One further aspect of our system that may strike both statisticians and physicists as implausible is the assumption of evidential analogues of the 1st and 2nd Laws of Thermodynamics, which are generally thought of as essentially physical in nature. In Appendix 1 we formally define the evidential 1st Law and take preliminary steps towards an evidential 2nd Law. (see Vieland 2013 for a more complete treatment of this topic). As in thermodynamics, these laws cannot be proved, but will be vindicated insofar as they allow us to usefully describe and manipulate statistical systems (Van Ness 1983; Callen 1985). Given the coherence of the new evidential framework so far, derived under the methodological assumption of an intimate relationship to the equations of thermodynamics, we believe that further investigation will confirm deep axiomatic connections between statistical systems characterized in terms of evidential information or energy and the basic laws of thermodynamics.

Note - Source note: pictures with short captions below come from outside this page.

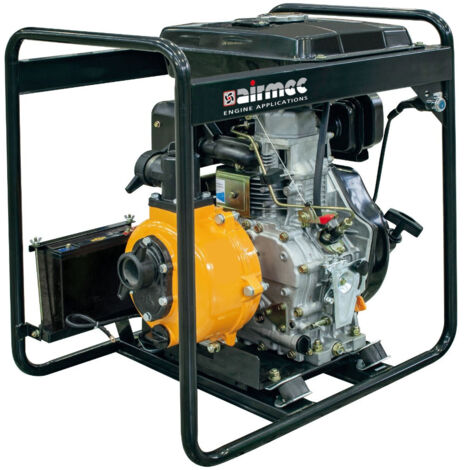AIRMEC HL 50 CXL 2E Motopompa alta prevalenza 2" 9,6 HP DIESEL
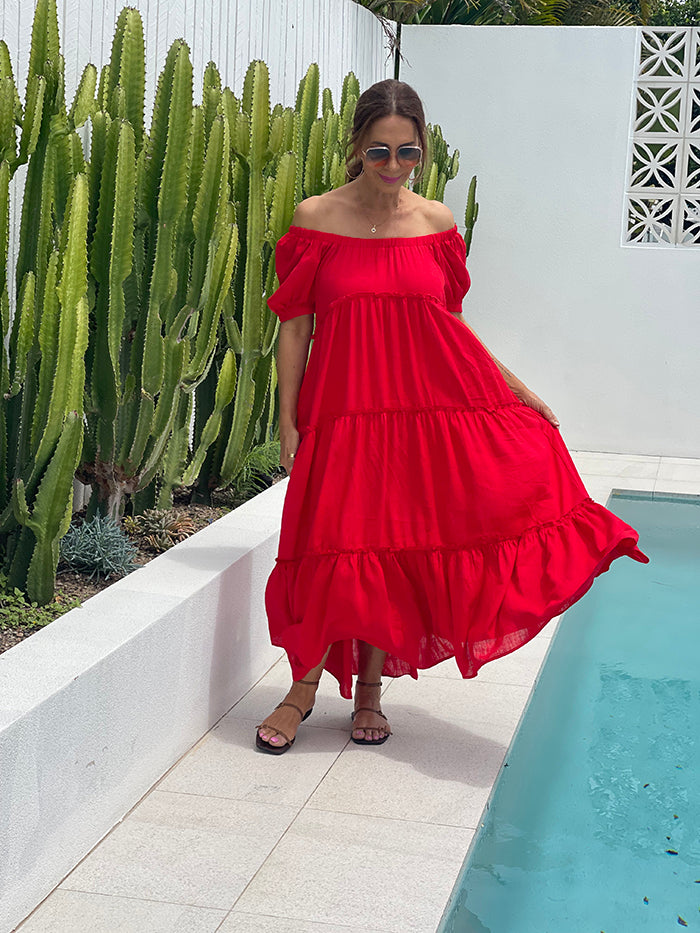 Raisi Red Dress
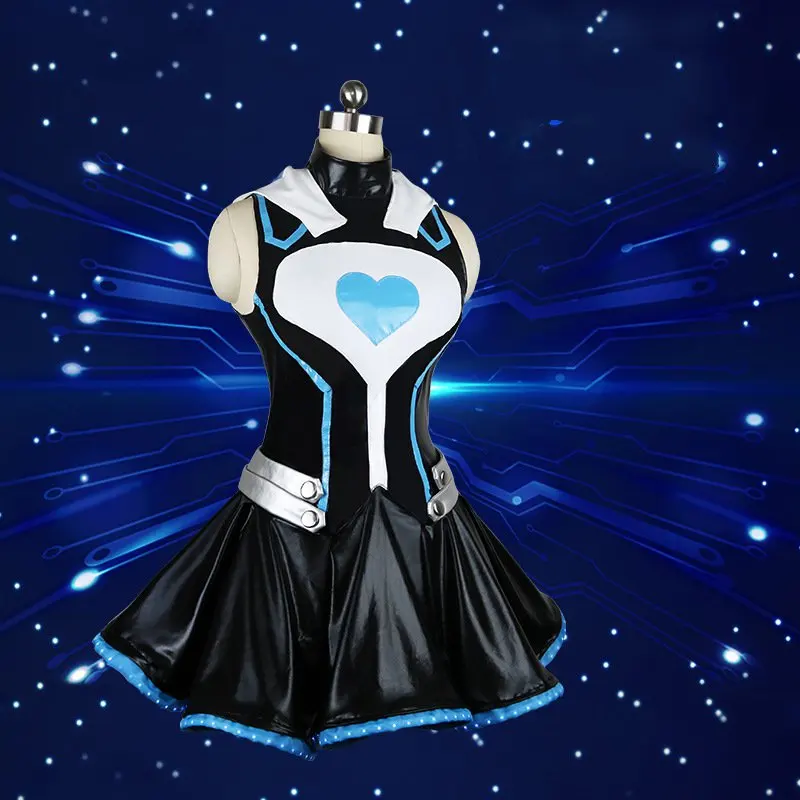 Женский костюм для косплея King of Glory Angela MIND JACK Girl Hackers электронный фантастический
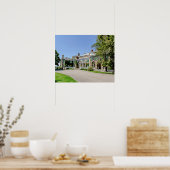 フランクリン・D・ルーズベルト大統領邸 ポスター (キッチン)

Theoretical matters aside, the ultimate intent of this project is to be useful in practice. Measurement is not, after all, an end in itself, but rather a sine qua non of rigorous scientific activity. When completed, our formalism would not replace other statistical investigations, but it would ideally provide a basis for reporting results of statistical analyses on a unified scale for purposes of meaningful comparison across the range of the measurement scale and across disparate applications. Considerable hard work remains to be done, however, before this framework can be usefully applied to real data analyses. To begin with, we have considered only a simple, discrete distribution. (Discrete distributions may play a special role in evidential systems, just as they do in physical systems). We will need to establish the validity of corresponding treatments of more complex statistical models involving nuisance parameters, approximating likelihoods, and disparate data structures, along with two-sided LR contrasts, before the framework can be deployed in target areas such as biomedical research. Finally, as a practical matter, we will need ways to indicate whether a given value of E is to the left, directly at, or to the right of TrP(E). This information is readily recovered from the underlying calculations, but forms a kind of meta-data that would need to be associated with the value of E in applications. Again, this might be equivalent to wanting to know whether a substance is in its liquid or gaseous state, which depends not just on temperature, but also on the volume and pressure of the system.

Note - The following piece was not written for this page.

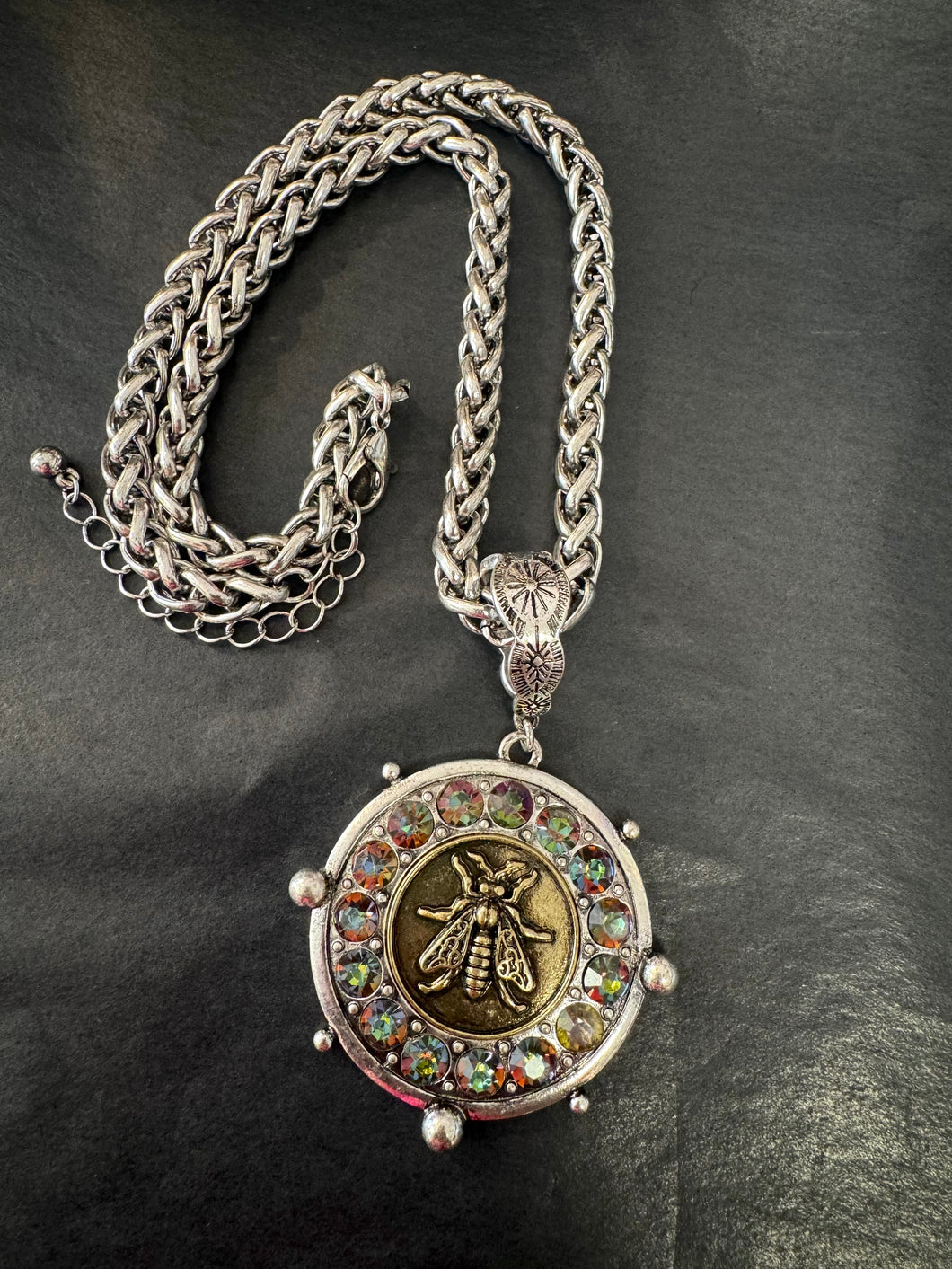 Bee Pendant Necklace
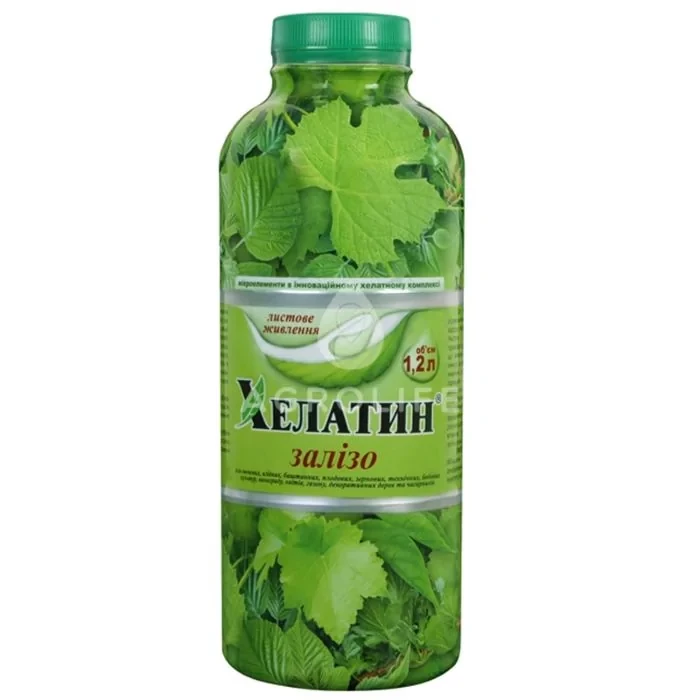 Хелатин  - Залізо 1,2л, фото 1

The practical challenges to deploying the new framework are substantial, but no more so than the challenges physicists faced in making practical use of the Kelvin thermal scale itself (Chang 2004). Just as we have exploited the well-established foundations of thermodynamics to develop the new evidential model, we believe that we can look to the experiences of experimental physics to facilitate translation of the theory into practice. Here too we may enjoy the benefits of standing on the shoulders of giants.